Raising human right and transparency issue against China

  • The argument of human rights and transparency
    • Rhetorical argument: Unable to outspend the Chinese, the U.S. government is making a rhetorical argument that it has more respect for “transparency, human rights, and democratic values” than China, which “practices repression at home and abroad”.
  • The argument of transparency and the debt trap
    • Debt trap used by the US: It is hard to imagine the U.S. being “transparent” with its trade deals. It is equally hard to imagine the U.S. being able to argue that it would not put countries into debt.
    • Debt crisis created by the US in the 1980s: The U.S. government enabled a massive Third World debt crisis in the 1980s, which was then used by the U.S.-driven International Monetary Fund’s Structural Adjustment Programs to strangle countries in Africa, Asia, and Latin America.
    • This history is alive, and it makes a mockery of the U.S.’s attempt to say that its own approach is superior to that of China’s.

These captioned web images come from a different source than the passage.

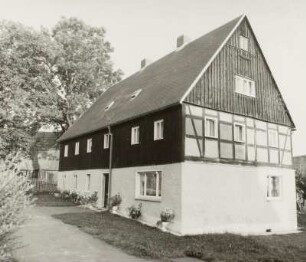 Mulda, Wohnhaus : Mulda. Ehemaliges Wohnstallhaus, Oststraße 2. Straßenansicht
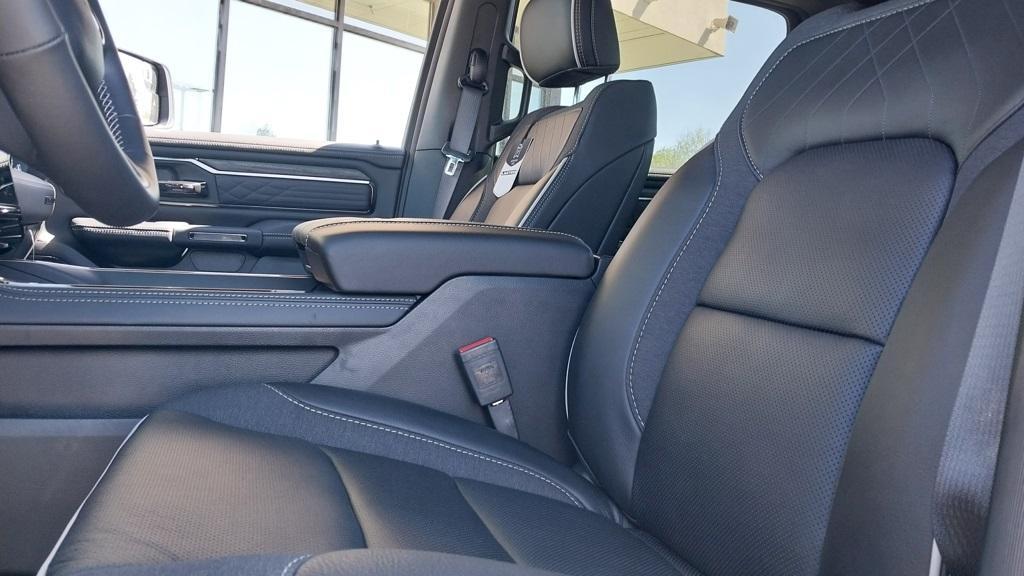 new 2025 Ram 1500 car, priced at $77,104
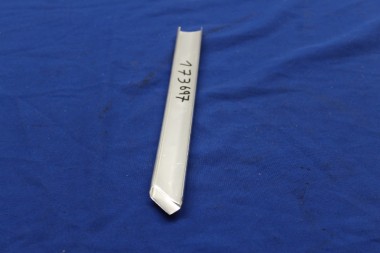 Preview: Chromleiste Türfensterrahmen hinten rechts Rekord E 4-trg Limousine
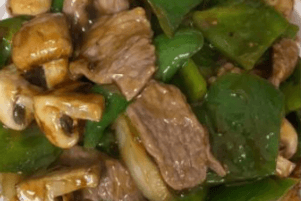 Beef with Green Peppers and Mushrooms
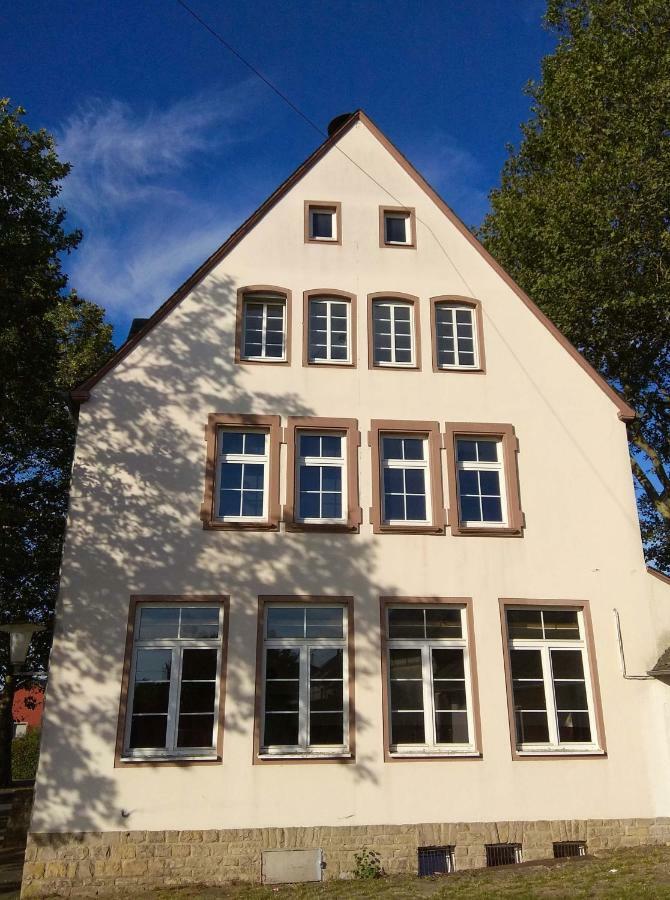 Alte Schule Gaestehaus - The Principal'S Rooms Appartment 비트버그 외부 사진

US withdrawal from multilateralism

  • Apart from that, the U.S. government has already indicated that it is uninterested in multilateral deals.
  • Withdrawal from TPP: The US withdrew from the Trans-Pacific Partnership in 2017, for instance.
    • Australia and Japan shrugged, and then put their energy into the Regional Comprehensive Economic Partnership, which sidelines the U.S.

The claim of free and open Indo-Pacific

  • Renaming the Pacific Command: In May 2018, the U.S. military’s Pacific Command was renamed the Indo-Pacific Command, a symbolic gesture that provides a military aspect to the Indo-Pacific Strategy.
  • What free and open mean to the US? The U.S. government has made it clear that for all its talk of a “free and open Indo-Pacific”, what it actually wants is an Indo-Pacific with fewer Chinese ships and more U.S. warships.
  • Just before this renaming, the U.S. National Security Strategy of 2017 noted that “China seeks to displace the United States in the Indo-Pacific region”, and so the Indo-Pacific Strategy intends for the S. to fight for its dominance in the Pacific Ocean, the Indian Ocean, and in the Asian rim.
  • This is a very dangerous war that the U.S. seeks to impose on Asia.

India adopting the US project of Indo-Pacific

  • Australia and Japan moving away: As the military aspect of the Strategy increased, both Australia and Japan edged away from full-scale adoption of the U.S. project.
    • Japan has begun to use the term “Indo-Pacific” without the word “Strategy”.
    • Australia has signed onto a “comprehensive strategic partnership” with China.
  • Only India adopting the project: Only India remains loyal to the agenda set by U.S. President Donald Trump.
    • No US strategy to contain China: In all the documents released by the U.S. government and in all the speeches by officials, there is no discussion of the strategy to contain China.
    • There is only rhetoric that skates into the belligerent territory.

Conclusion

India would be advised to study the U.S. project rather than jump into it eagerly. Room for an independent foreign policy for India is already narrowed, and room for independent trade policy is equally suffocated. To remain the subordinate ally of the U.S. suggests that India will miss an opportunity to be part of a reshaped Asia.